Welcome Back, Freret Market! and Market Bestseller Bestsellers Update!

Here we are, on the other side of Labor Day, looking forward to the eventual end of summer, hopefully by Thanksgiving this year. My wife and I kept busy painting the kitchen in our new house, but only after Saturday's return of the Freret Market here in New Orleans. Unfortunately, we lost the first hour to a much-needed deluge, but the organizers altruistically provided free beer to the vendors until the sun came out a little after 1:00. Other folks were obviously as anxious for the return as I was, because they came out in force for the rest of the afternoon. I also received good news from vendor organizer Cree McRee that the Broad St. Bazaar will return on October 10. Reminders will be posted as the date gets closer.

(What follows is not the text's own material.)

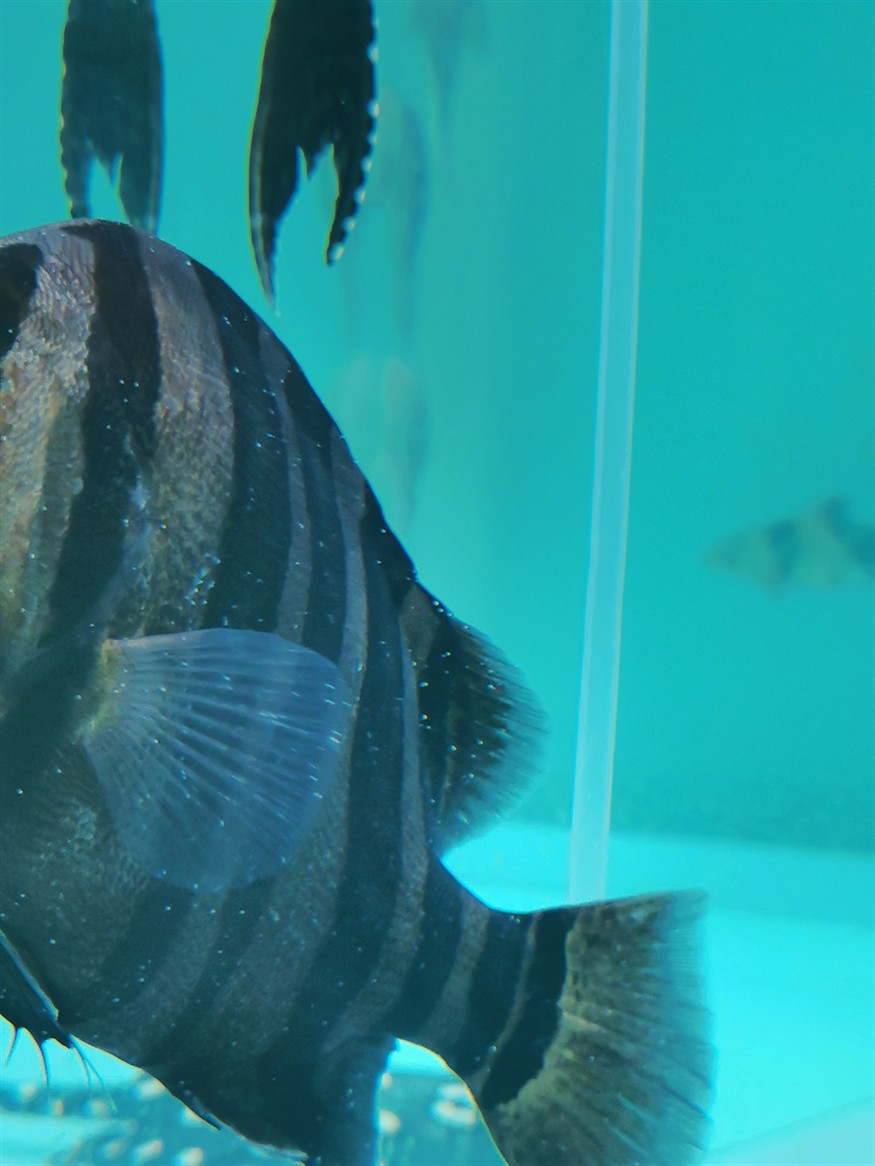 在線求助：虎魚(yú)得百病了咋辦？缸里還有魟魚(yú)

As promised, I am updating the Greater New Orleans market bestseller list for 2009, side by side with the previous list:

pre-Labor Day current
1. Kurt Vonnegut 1. Kurt Vonnegut
2. Star Trek 2. Star Trek
3. (tie) Ray Bradbury 3. (tie) Ray Bradbury
3. (tie) Walker Percy 3. (tie) Walker Percy
5. (tie) Robert Heinlein 5. Albert Camus
5. (tie) Hermann Hesse 6. (tie) Robert Heinlein
5. (tie) James Joyce 6. (tie) Hermann Hesse
5. (tie) J.D. Salinger 6. (tie) Aldous Huxley
6. (tie) James Joyce
6. (tie) George Orwell
6. (tie) J.D. Salinger
6. (tie) Clifford Simak

As you can see, several classic writers managed to earn their way onto the list, with Algerian existentialist Albert Camus leading the way after two copies of The Stranger sold on Saturday. The most surprising entry has to be Golden Age science fiction writer Clifford Simak, vaulted onto the list by the efforts of one obsessive fan. I've alluded to this before, but let me remind you that all of you are the ones who decide. Are you outraged that that pinko pacifist Vonnegut is at the top, and the dean of military s-f Heinlein is stuck in sixth place? Come on out to the market and put the world right. Camus, Simak, Harlan Ellison and John Kennedy Toole fans did just that this past Saturday, and all showed substantial gains. Not enough diversity? Chinua Achebe, Joan Didion, Ernest Gaines, Sylvia Plath and Anne Rice are all on the verge of greatness. Will you be the one to give them the push they need?

Before I mentally leave the market, one more observation, to be filed in the The Kids are Alright file:

A kid I see at the Freret Market every time, must be about 11, was looking at a paperback copy of Hell House, by Richard Matheson. It has a pretty scary looking skeleton in what appear to be monk's robes on the cover, and I'm thinking that is what is attracting the kid. So I ask him if he has seen episodes of the original Twilight Zone, since Matheson wrote several episodes, second in volume only to Rod Serling himself. So the kid politely lets me know he's aware of that, and he recently read I Am Legend, the novel also written by Matheson and made into two movies, starring Charlton Heston and Will Smith, respectively. I play it cool, but immediately show my respect.

Now let that sink in. Again, I say he can't be more than 11, and this kid is savvy enough to be reading one of the modern masters of dark fantasy and science fiction, someone legitimately placed in the company of Lovecraft and Bradbury. In an age when he is bombarded with gory computer games and Saw 8 and Crescent Wrench 4: The Revenge of the Plumber, and young adult vampire stories and Marilyn Manson, this kid is choosing Richard Matheson. How cool is that?